I have two XLS sheets that I've read into two dataframes. I would like to find the intersection between the two, where the contents of one df column is contained in a specific column in the other df. And from that intersection, I'd like to create a new df that contains the intersection AND the values from a particular column in one of those dfs.
I cannot figure out what function in Pandas to get that intersection to work, and to include the data from the additional column.
This is what I tried to get the intersection:
import pandas as pd
test_file = '/Users/Bill/Box Sync/Documents/Jupyter/test_data.xlsx'
# read in the xls sheets
prj_df = pd.read_excel(test_file, sheet_name = 'Sheet1')
opp_df = pd.read_excel(test_file, sheet_name = 'Sheet2')
# intersect the sheets
report_df = opp_df[opp_df['opp'].isin(prj_df['opp numbers'])]

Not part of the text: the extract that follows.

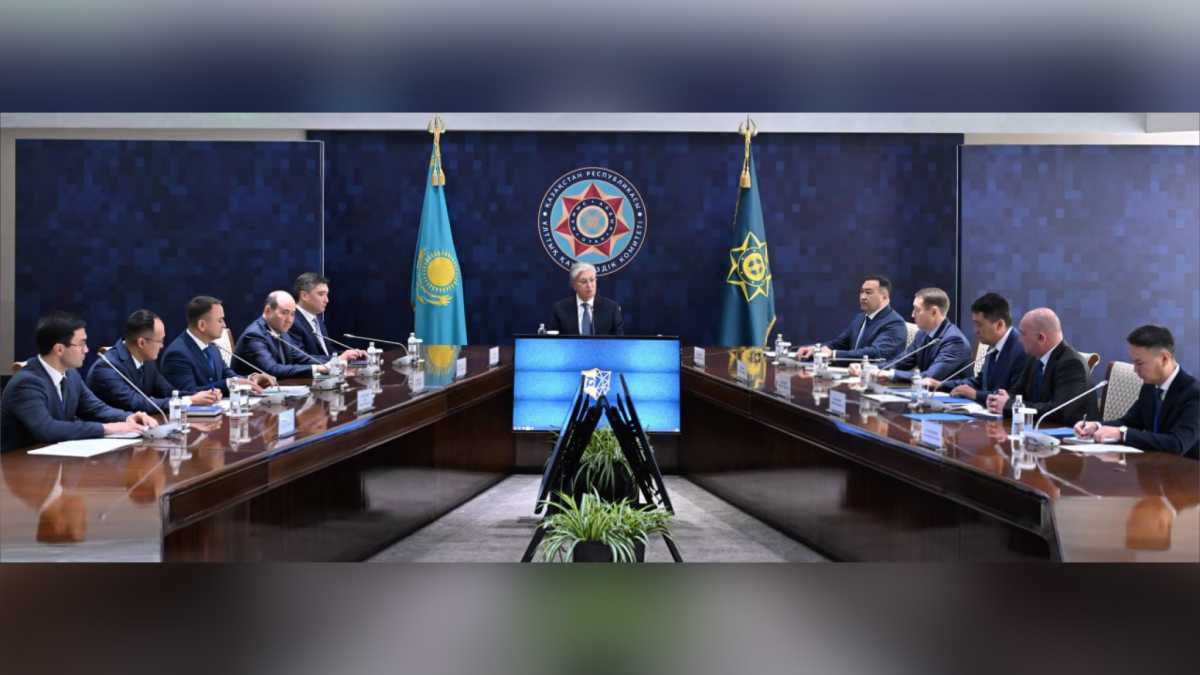 Токаеву доложили о состоянии информационной безопасности Казахстана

...but as you'll see below, report_df only includes the rows where the contents of "opp" and "opp numbers" match exactly. I need something that is more like the Python "in" keyword when looking for a string in a string.
Here is some test data:
prj_df:
Project opp numbers URL
0 Project 1 title ab-cdefg;12-34567 http://1.2.3.4/abc
1 project 2 title MJ-98733 http://1.2.3.4/UJUJUJUJ
2 Project 3 title No code http://1.2.3.4/99a
3 Project A title 01-PKL23 http://1.2.3.4/azzz
4 project B title 44-0098876 http://test.133
5 project c title 342-0981;98-09913 http://2.3.4.5/iiihh
6 project 99 title 25-AAAJJ12;99-49494 http://1.2.3.4/ghhi
7 project 303 title 77-AUDIJJ http://1.2.3.4/def
opp_df:
0 opp product price
1 98-09913 widget1 123.55
2 66-99999 widget2 44.99
3 AB-DEFFF1 widget3 2345.5
4 01-PKL23 item a 9990
5 77-AUDIJJ item b 84.56
6 KK-KIEW89 product 99 22.99
7 WE-24422 name 123 1.99
8 12-34567 stuff 1 395.5
report_df:
opp product price
3 01-PKL23 item a 9990.00
4 77-AUDIJJ item b 84.56
....but that data in report_df isn't complete: I also need row 1 and row 8 to show up because the 'opp' values from those rows are also contained in prj_df.
Now, in addition to getting the intersection correct, what I'd like to do is to add the values from the URL and Project columns of prj_df onto the end of report_df. Since I've been using the openpyxl library, my brain is only tuned to iterating through the sheet/dataframe and searching prj_df for the values instead of using the isin intersection I already did.
Is there a way to a) get that intersection to work, and b) pull in the Project and URL values into that intersected dataframe?